Instructions for the task>
Could you repeat the listing below exactly while leaving its pictures behind?

Supplied material>
□ □ □ □

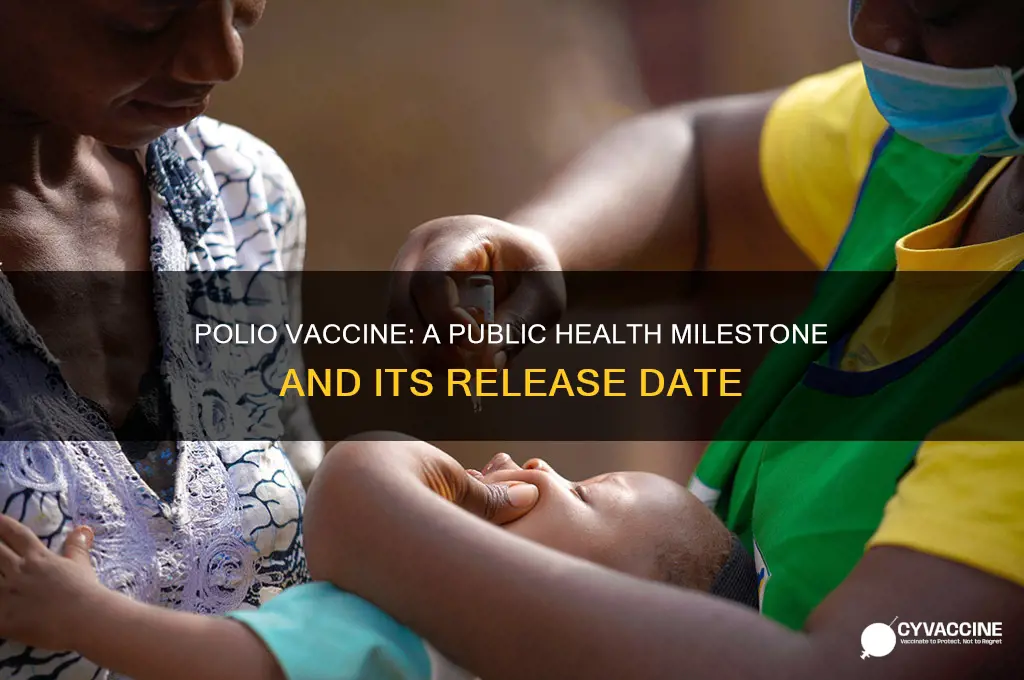when was the polio vaccine available to the public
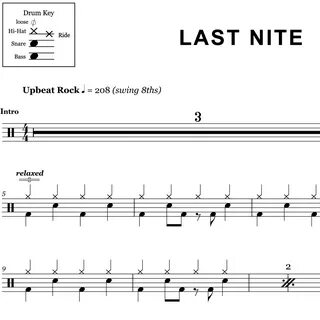 Last tabs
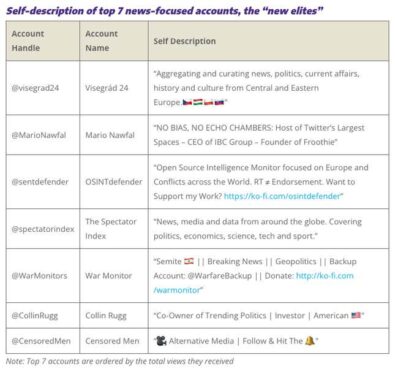 Meet the ‘New Elites’ Who Control Twitter’s Israel-Hamas News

□ □ □ □

Response>
when was the polio vaccine available to the public
 Last tabs
 Meet the ‘New Elites’ Who Control Twitter’s Israel-Hamas News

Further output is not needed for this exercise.